The district, which was previously called the Reedy Creek Improvement District, has a footprint in two central Florida counties near Orlando and employs 75,000 people. 

As it became clear that DeSantis was going to force the old board out, its members passed a little-noticed agreement in February that would have kept much of the power of self-governance with Walt Disney World, not the new board.
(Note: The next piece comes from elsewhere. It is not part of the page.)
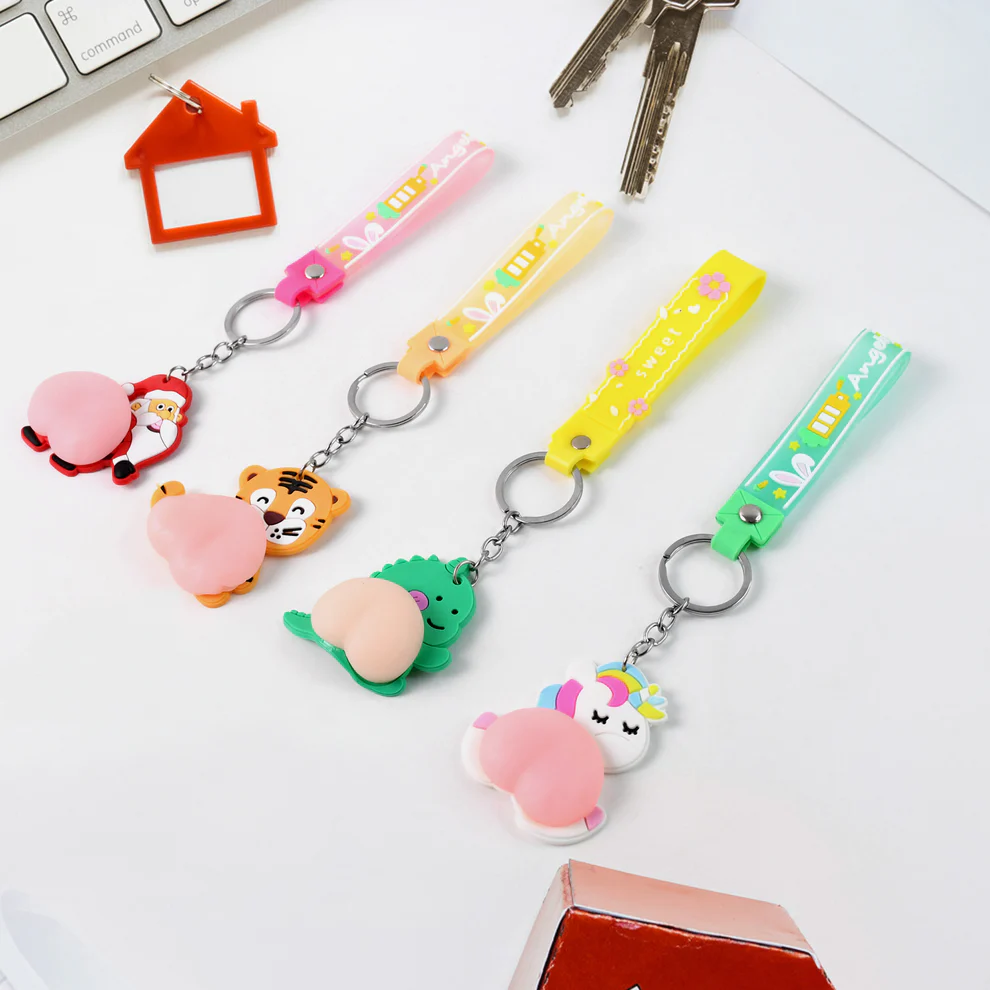 MultiFun Silicone Keychain – Stress Toy & Strap Combo (Mix Design) (1-pc)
That move angered DeSantis and reignited his fight with one of the state’s biggest employers.

During a meeting last week, the board outlined a handful of punitive measures not backed by Walt Disney World, including offering legal support to local taxing authorities the company has sued over property appraisal disputes, hiring an “independent rate consultant” to scrutinize how a district-owned utility company sets rates, and raising taxes — a move the board said might need to be done to pay for legal costs associated with reviewing the old board’s agreements. 

The board spent a good chunk of the meeting Wednesday going over reasons that it feels the agreement in question is illegal, including the questions over whether the old board sent out proper public notice, and the fact that, the new board argues, it did not have legal authority to make those changes on its own without explicit approval of the handful of individual cities in the district, which it did not get.

“The bottom line is that a development agreement has to be approved by the governing body of the jurisdiction,” said board Chair Martin Garcia. “And that didn’t happen from the cities that have jurisdiction.” 

He called the old board’s action an “absolute legal mess.”

A spokesperson for Walt Disney World did not return a request for comment, but as expected shortly after the board voted, the company filed a lawsuit in federal court against the DeSantis administration, the five-member board he appointed and other state officials.

“A targeted campaign of government retaliation — orchestrated at every step by Governor DeSantis as punishment for Disney’s protected speech -- now threatens Disney’s business operations, jeopardizes its economic future in the region, and violates its constitutional rights,” the lawsuit read.

Jeremy Redfern, a spokesman for DeSantis, called Disney's lawsuit "yet another unfortunate example of their hope to undermine the will of the Florida voters and operate outside the bounds of the law."

"We are unaware of any legal right that a company has to operate its own government or maintain special privileges not held by other businesses in the state," he said.

At the beginning of the meeting, several owners of restaurants in the district expressed concern that the ongoing fight between Walt Disney World and the governor could hurt local businesses.

“This dispute has continued for more than a year already,” Mark Gibson, co-founder of the restaurant Splitsville, said. “We have to deal with guests and customers, and are worried there will be repercussions for our restaurants.”

Though he’s widely expected to enter the 2024 race, DeSantis isn't yet a presidential candidate. But that didn't stop at least one potential rival from taking aim at his latest move. Nikki Haley, a presidential contender and former governor of South Carolina, said Disney would be welcomed with open arms in her home state should it choose to leave Florida.